Corman had angled for a producer position on Highway Dragnet, but when he was unsuccessful at this, he did the next best thing: he set out to make his own movie.  Drafting the basic scenario before handing that off to Bill Danch to fill out, the financing involved some desperation, including around $4,000 brought to the table by an assistant director and actor, Wyott Ordung, who essentially paid Corman to get the job of directing Corman's movie; meanwhile, numerous other aspects of the production were secured on the basis of deferred payment, including the lab processing fees and even the wages of big-deal cinematographer Floyd Crosby, inaugurating the long and fruitful collaboration between Corman and the DP; 25 year-old Corman also went downstairs to the kitchen to ask his parents for their investment, to which they replied, "oh, son, we love you, but absolutely not," though his dad did accede to keeping the production's books for free; Corman naturally pitched in with various services to his production, and despite some efforts to keep his movie's name and details out of the trades (his story was that it was called The Sea Demon and it was being shot where it was set, in Mexico), he came to the attention of the Hollywood unions anyway, though to his surprise they smiled upon his scrappiness; even the centerpiece prop of Monster From the Ocean Floor, a pedal-driven submarine, he acquired from its constructor, Aerojet General, as a form of free publicity for them, without giving them a dime.  Things almost met with disaster: the sound recording was screwed up throughout the movie, but sound editor Jack Milner salvaged it with a laborious word-by-word fix, earning for Milner the declaration from Ordung that he was "the hero of that picture, one of the most beautiful men God ever created."

And so, in the end, Corman had put together a largely functional creature-feature for $12,000 cash, with additional debts accruing to about $18,000still almost nothingand before it ever hit a screen he'd made a profit: he sold it to Robert Lippert for $110,000, which Corman chivalrously agreed to reduce to $60,000 when Lippert realized he'd sort of been had.  It's very much a straight line to where he'd be only a few years later, the acknowledged king of low-budget filmmaking, but it also established his reputation as one of that form's more honorable practicioners: in the end, everybody got paid (and Lippert made a good profit, depending on which number you believe a huge profit), and everybody was pleased, to the extent Ordung spent the next couple of decades trying to take credit for all of it, and you can tell Corman doesn't want to say, outright, "Ordung was completely out of his depth, and Floyd Crosby directed this movie for him," though Crosby did, in fact, say almost exactly this.  (Ordung's other greatest claim to fame, or infamy, is as the credited screenwriter of Robot Monster.  He did not eagerly court credit for that.)

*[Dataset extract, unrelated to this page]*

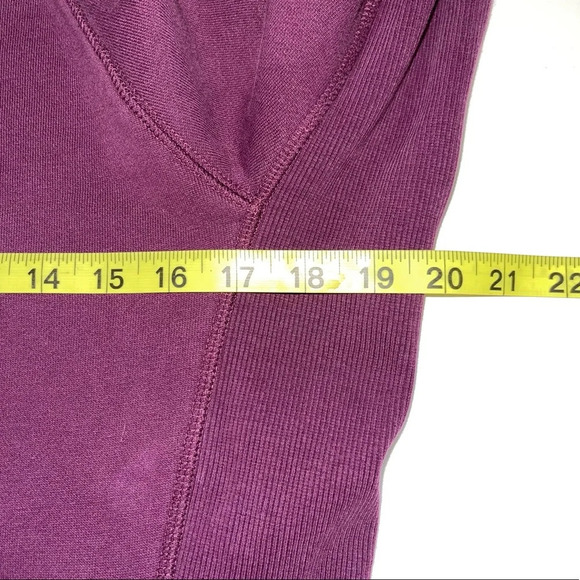 Duluth Trading Purple Zip Pocket Heavyweight Crew Neck Sweatshirt Small Women’s - Picture 7 of 10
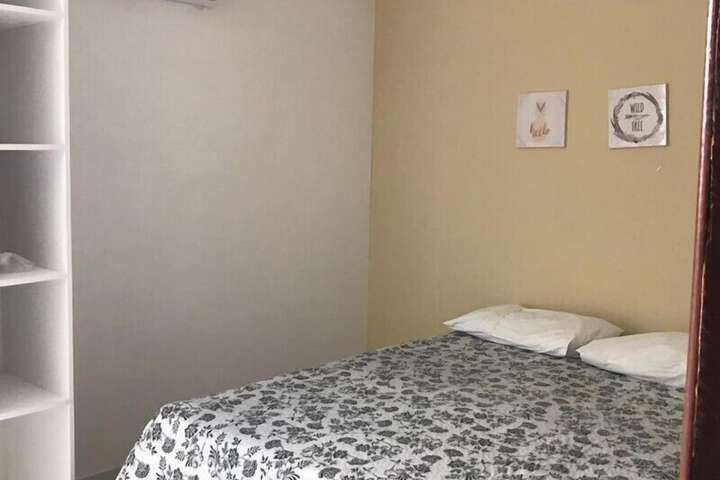 Room 2 of 6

It's more of a satisfying underdog story that led to better movies than it is a satisfying movie in its own right, of course; you wouldn't expect anything else.  It's more of a pity than that sounds, however, because this doesn't entirely seem the case for about half of its svelte 64 minutes.  These are sub-professional in their B-minus-movie way (the most overtly-professional and just-plain-best formal element of the movie is undeniably Andre Brummer's very typical, bombastic 50s monster movie score), but they do actually manage to be pretty investing, before the film just sort of runs out of story that it can realize on its budget, and sees the need to swerve into a complete blind alley for a good long while instead, marking time till the climax where the monster finally does something.  Not that I want to overstate how good the first thirty-odd minutes have been, but in any case, we begin with the curious gesture of a narrator (an uncredited one) who not only situates this as a story being told, but, explicitly, a moving picture being shown, intimating that it is only in the most recent years that the systematic scientific study of the oceans has even begun, and to the Pacific in particular "the white man is a newcomer," so there is much that we do not know about what lies beneath the water.  Julie Blair (Anne Kimball), a commercial illustrator whose aspirations to do real art have been stymied, knows very little indeed, but the Pacific has drawn her down here to Malibu, Mexico, anyway, to paint its waves and shores.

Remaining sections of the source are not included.